**PROBLEM TO SOLVE:** Leave out the pictures and retype, exactly, the lines below from the line with "Serious pensive pretty" up to and including the line with "Attractive woman on", nothing more.

**RECORDS SHOWN:**
┌────────
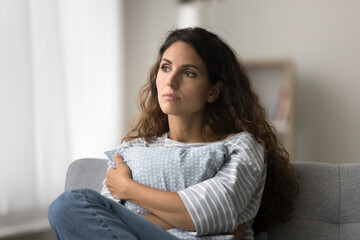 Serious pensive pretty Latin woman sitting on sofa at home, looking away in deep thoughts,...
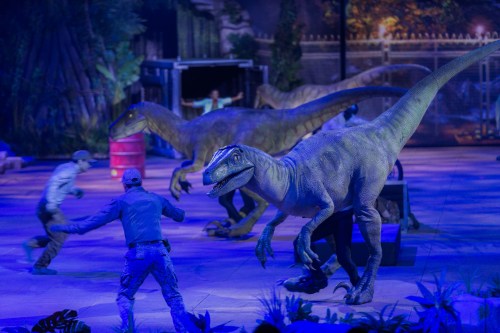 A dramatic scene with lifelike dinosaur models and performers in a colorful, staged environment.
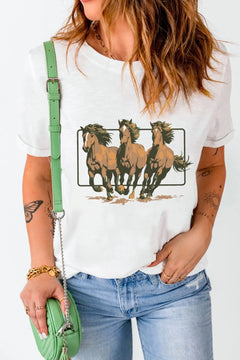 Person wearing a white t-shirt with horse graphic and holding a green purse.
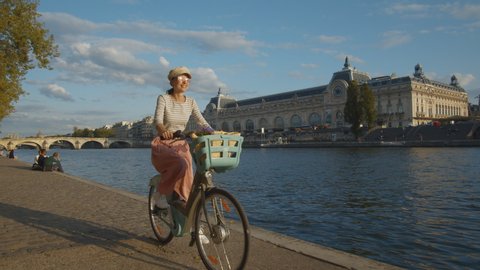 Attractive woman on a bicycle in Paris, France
└────────
┌────────
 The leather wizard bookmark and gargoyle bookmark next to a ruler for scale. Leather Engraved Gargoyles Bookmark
└────────
**WRITTEN RESPONSE:**
 Serious pensive pretty Latin woman sitting on sofa at home, looking away in deep thoughts,...
 A dramatic scene with lifelike dinosaur models and performers in a colorful, staged environment.
 Person wearing a white t-shirt with horse graphic and holding a green purse.
 Attractive woman on a bicycle in Paris, France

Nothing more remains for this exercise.